Assignment> Please return all records verbatim, no pictures.

....................

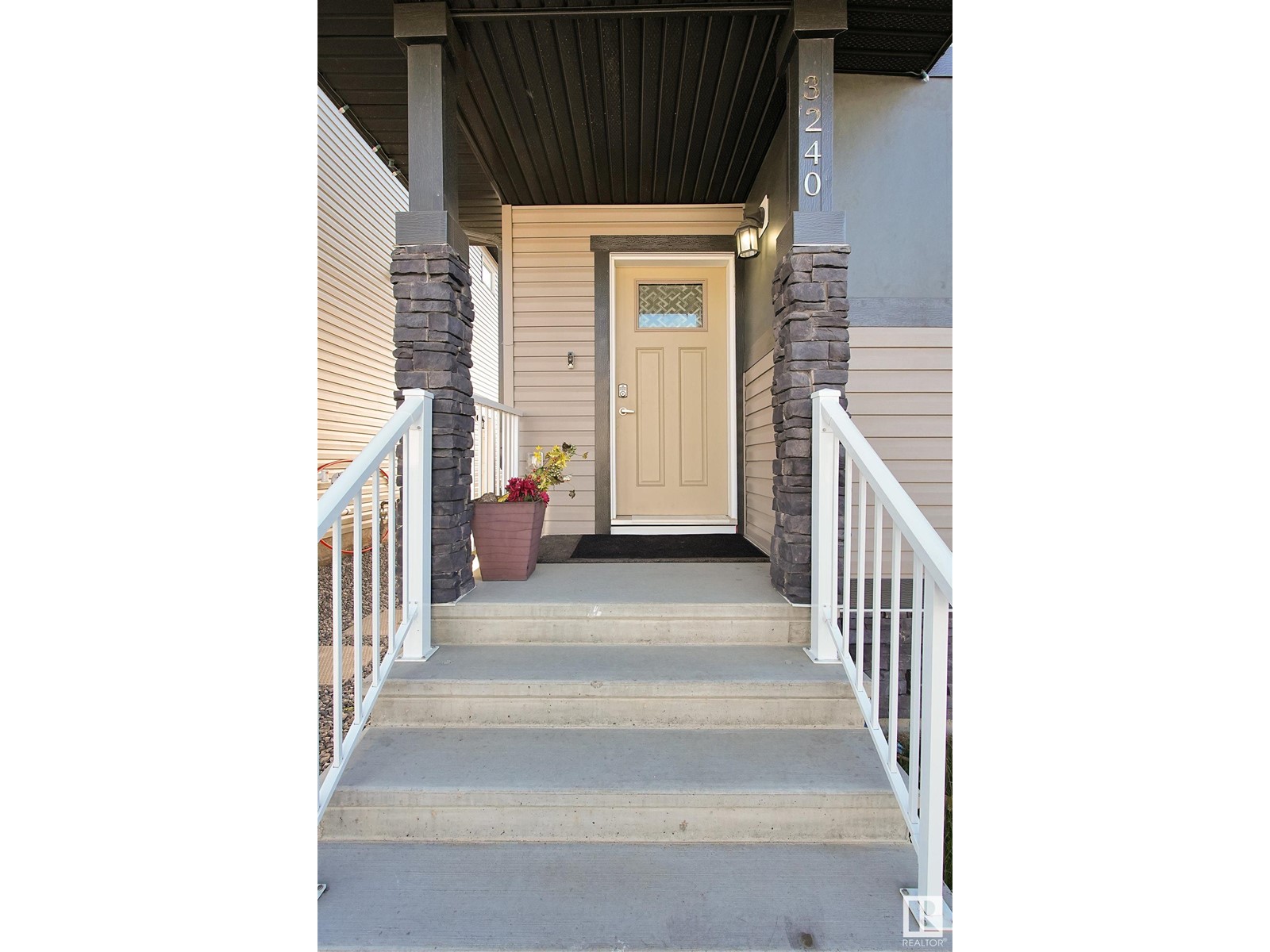 3240 4 St Nw Nw, Edmonton, Alberta  T6T 2S9 - Photo 9 - E4437487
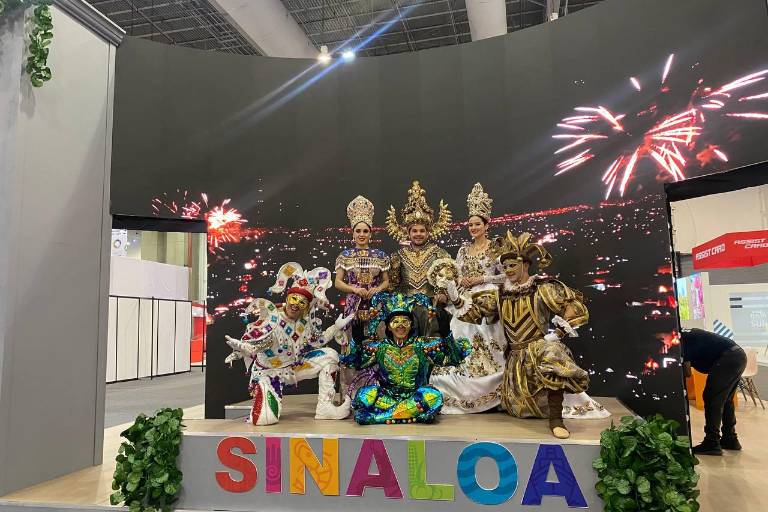 Realeza del Carnaval de Mazatlán engalana el Tianguis Turístico 2023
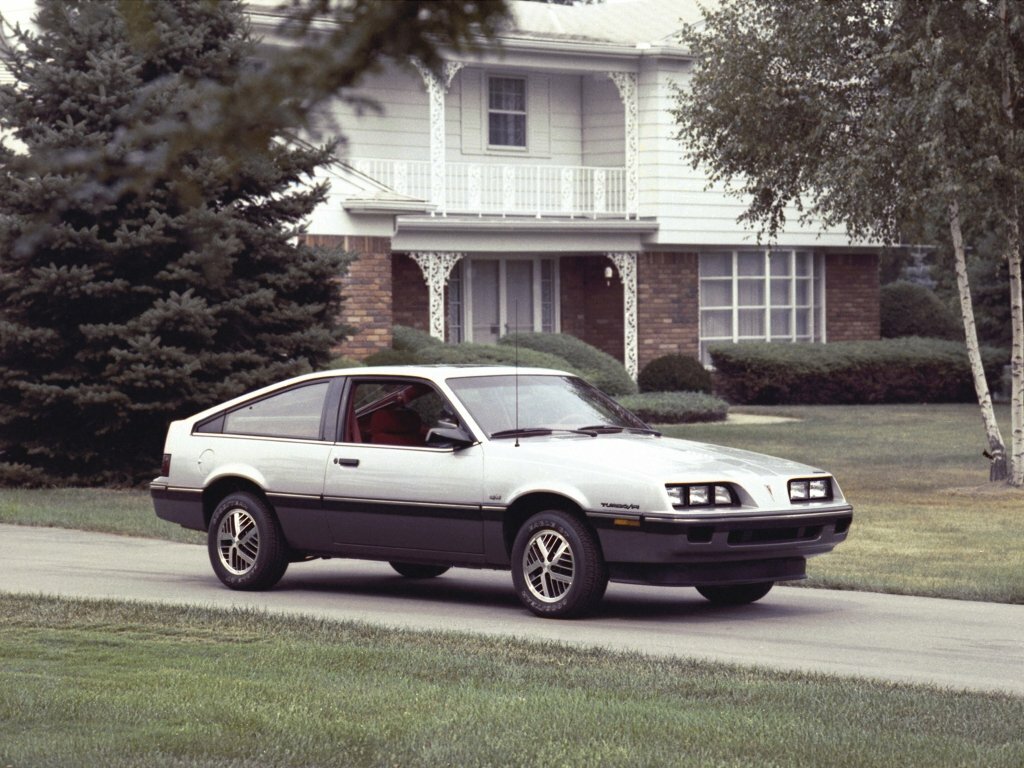 Pontiac Sunbird II (1981–1988) · 2.0 MT (90 л.с.)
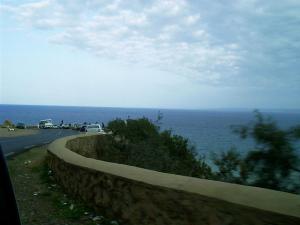 Route menant à une plage de Tipaza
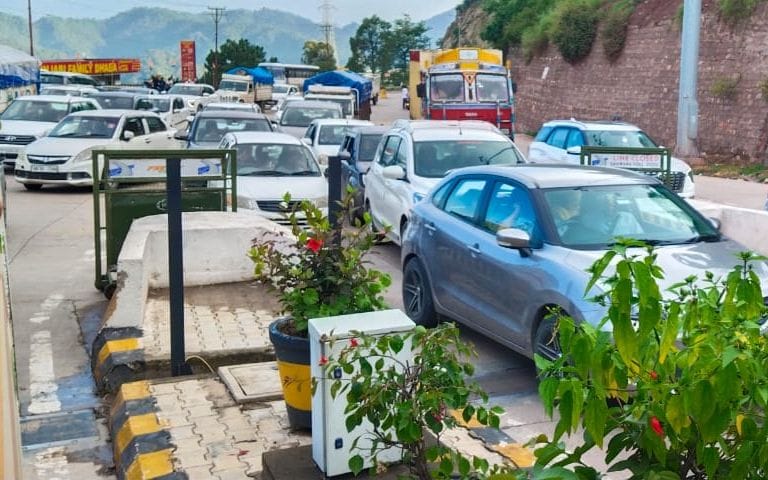 Tourist places increased on weekends

Traffic on the highway jammed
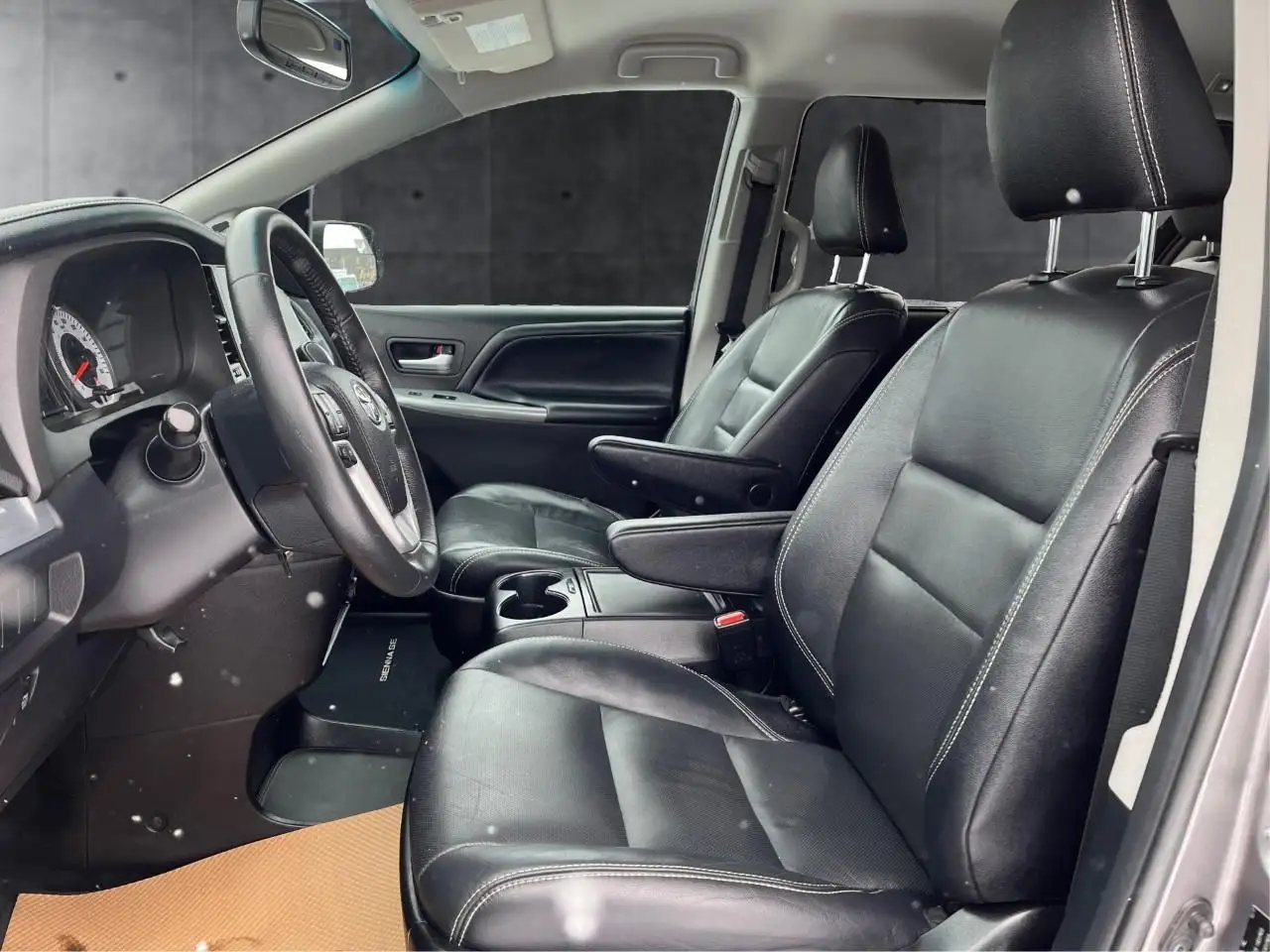 Toyota Sienna снимка Toyota Sienna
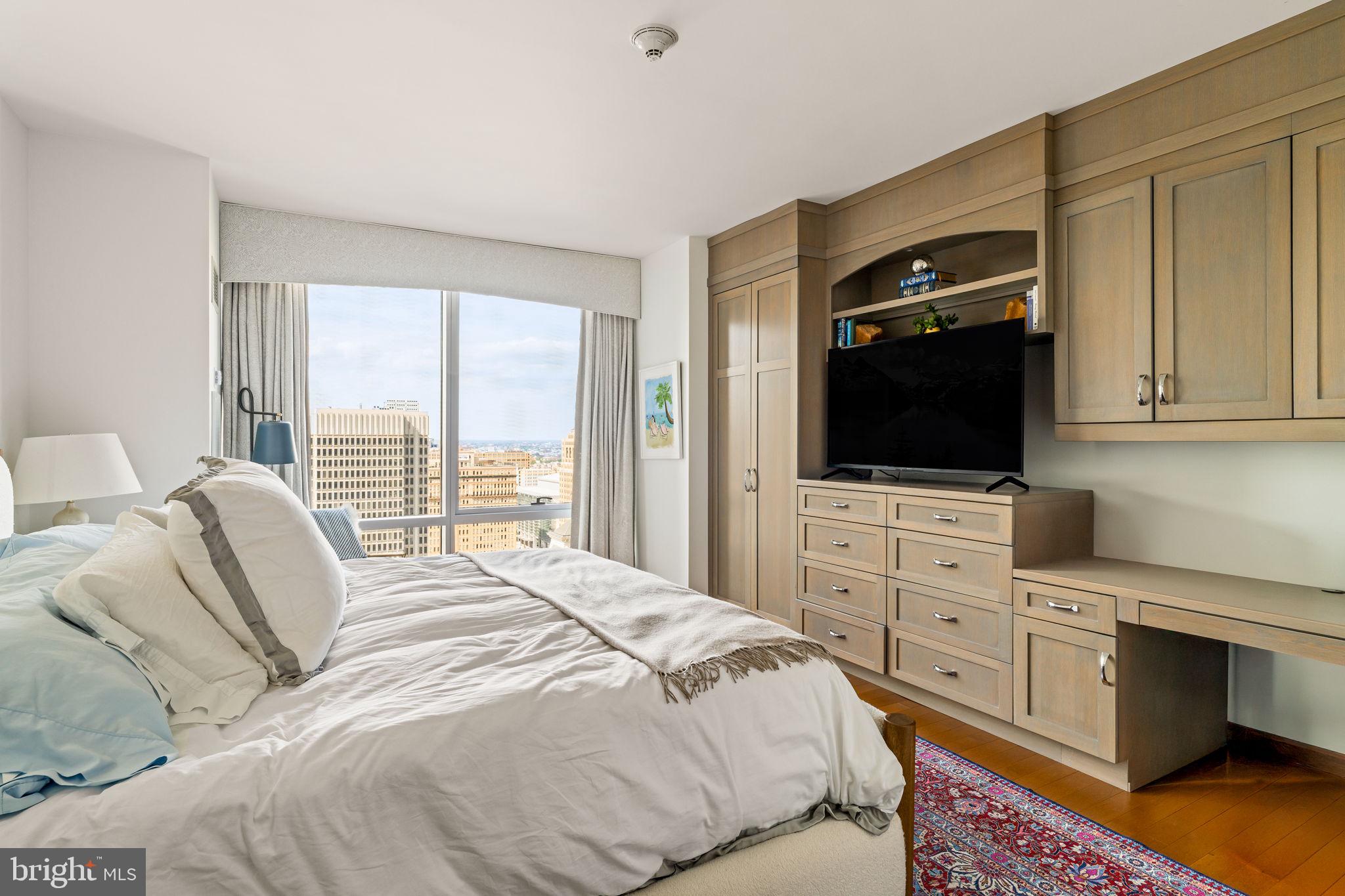 1414 S Penn Sq #24f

....................

Solution for this exercise>
 3240 4 St Nw Nw, Edmonton, Alberta  T6T 2S9 - Photo 9 - E4437487
 Realeza del Carnaval de Mazatlán engalana el Tianguis Turístico 2023
 Pontiac Sunbird II (1981–1988) · 2.0 MT (90 л.с.)
 Route menant à une plage de Tipaza
 Tourist places increased on weekends

Traffic on the highway jammed
 Toyota Sienna снимка Toyota Sienna
 1414 S Penn Sq #24f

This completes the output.